**YOUR OBJECTIVE:** Omit all pictures, then retype the data exactly as given.

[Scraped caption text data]
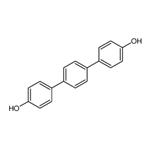 [1,1':4',1''-Terphenyl]-4,4''-diol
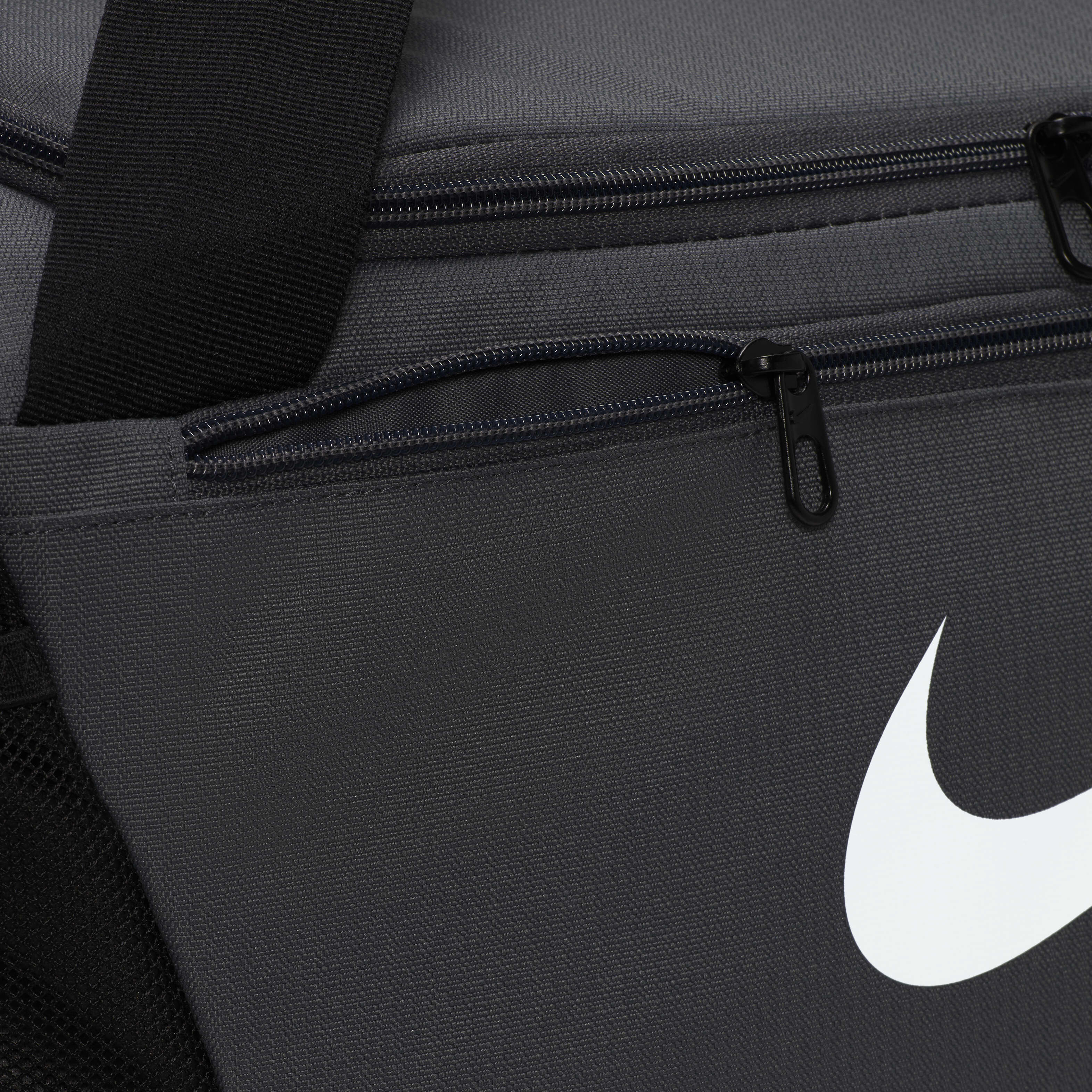 نايكي برازيليا 9.5 image number 6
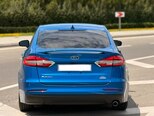 Ford Fusion (North America)-7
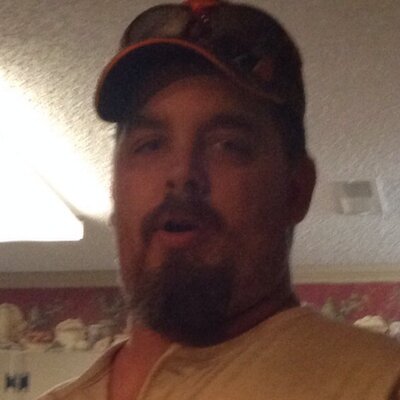 Profile Picture of David Luckey (@dluckey69) on Twitter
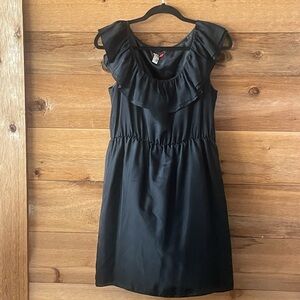 LBD size M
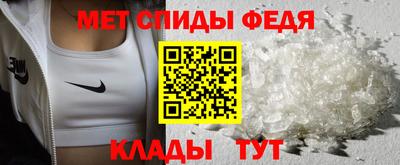 трава Дубна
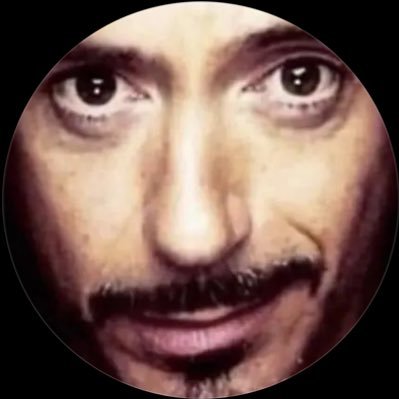 iflexalott's profile picture. idk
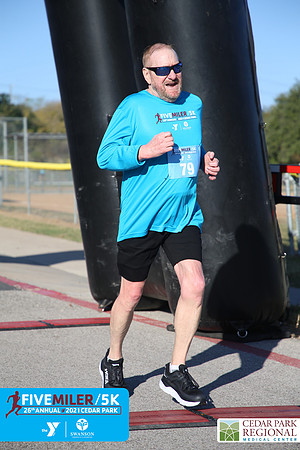20211114CP5MilerB-8969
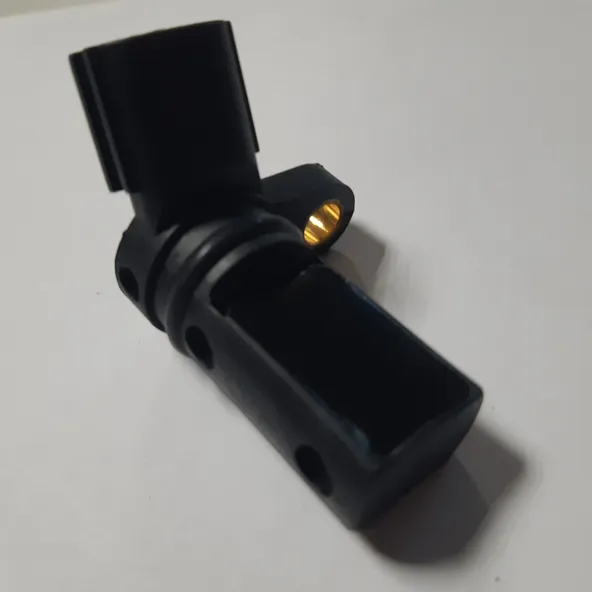 Датчик положения распредвала GENERAL PARTS 237314M500 EPS351, CS1614, QG18, VK45DE, QR20DE, YD22DDT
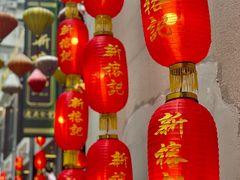 -甜甜屋(解放中路店)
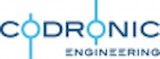 Codronic GmbH Logo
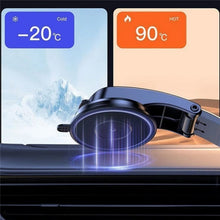 Load image into Gallery viewer, SYA0025551_3.jpg@84fcd3024979f9585a89a0673ad224fd
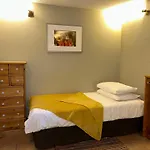 Apartahotel The Castle, 10 Bedroom Chalet, Centre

**EXERCISE RESULT:**
 [1,1':4',1''-Terphenyl]-4,4''-diol
 نايكي برازيليا 9.5 image number 6
 Ford Fusion (North America)-7
 Profile Picture of David Luckey (@dluckey69) on Twitter
 LBD size M
 трава Дубна
 iflexalott's profile picture. idk
20211114CP5MilerB-8969
 Датчик положения распредвала GENERAL PARTS 237314M500 EPS351, CS1614, QG18, VK45DE, QR20DE, YD22DDT
 -甜甜屋(解放中路店)
 Codronic GmbH Logo
 Load image into Gallery viewer, SYA0025551_3.jpg@84fcd3024979f9585a89a0673ad224fd
 Apartahotel The Castle, 10 Bedroom Chalet, Centre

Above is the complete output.